Supplied information Block Start

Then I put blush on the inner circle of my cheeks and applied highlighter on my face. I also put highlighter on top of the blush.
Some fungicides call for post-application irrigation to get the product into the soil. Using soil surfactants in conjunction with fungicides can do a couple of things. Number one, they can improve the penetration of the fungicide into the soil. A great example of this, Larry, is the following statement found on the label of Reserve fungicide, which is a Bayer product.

Supplied information Block End
Supplied information Block Start

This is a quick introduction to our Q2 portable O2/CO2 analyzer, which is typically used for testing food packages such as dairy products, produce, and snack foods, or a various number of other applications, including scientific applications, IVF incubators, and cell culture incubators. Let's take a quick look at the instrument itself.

Supplied information Block End

● **Activity**
All that is wanted is an exact copy of the lines above from the one with "Then I put blush" through the one with "Some fungicides call", with both ends included.

● **Your response**
Then I put blush on the inner circle of my cheeks and applied highlighter on my face. I also put highlighter on top of the blush.
Some fungicides call for post-application irrigation to get the product into the soil. Using soil surfactants in conjunction with fungicides can do a couple of things. Number one, they can improve the penetration of the fungicide into the soil. A great example of this, Larry, is the following statement found on the label of Reserve fungicide, which is a Bayer product.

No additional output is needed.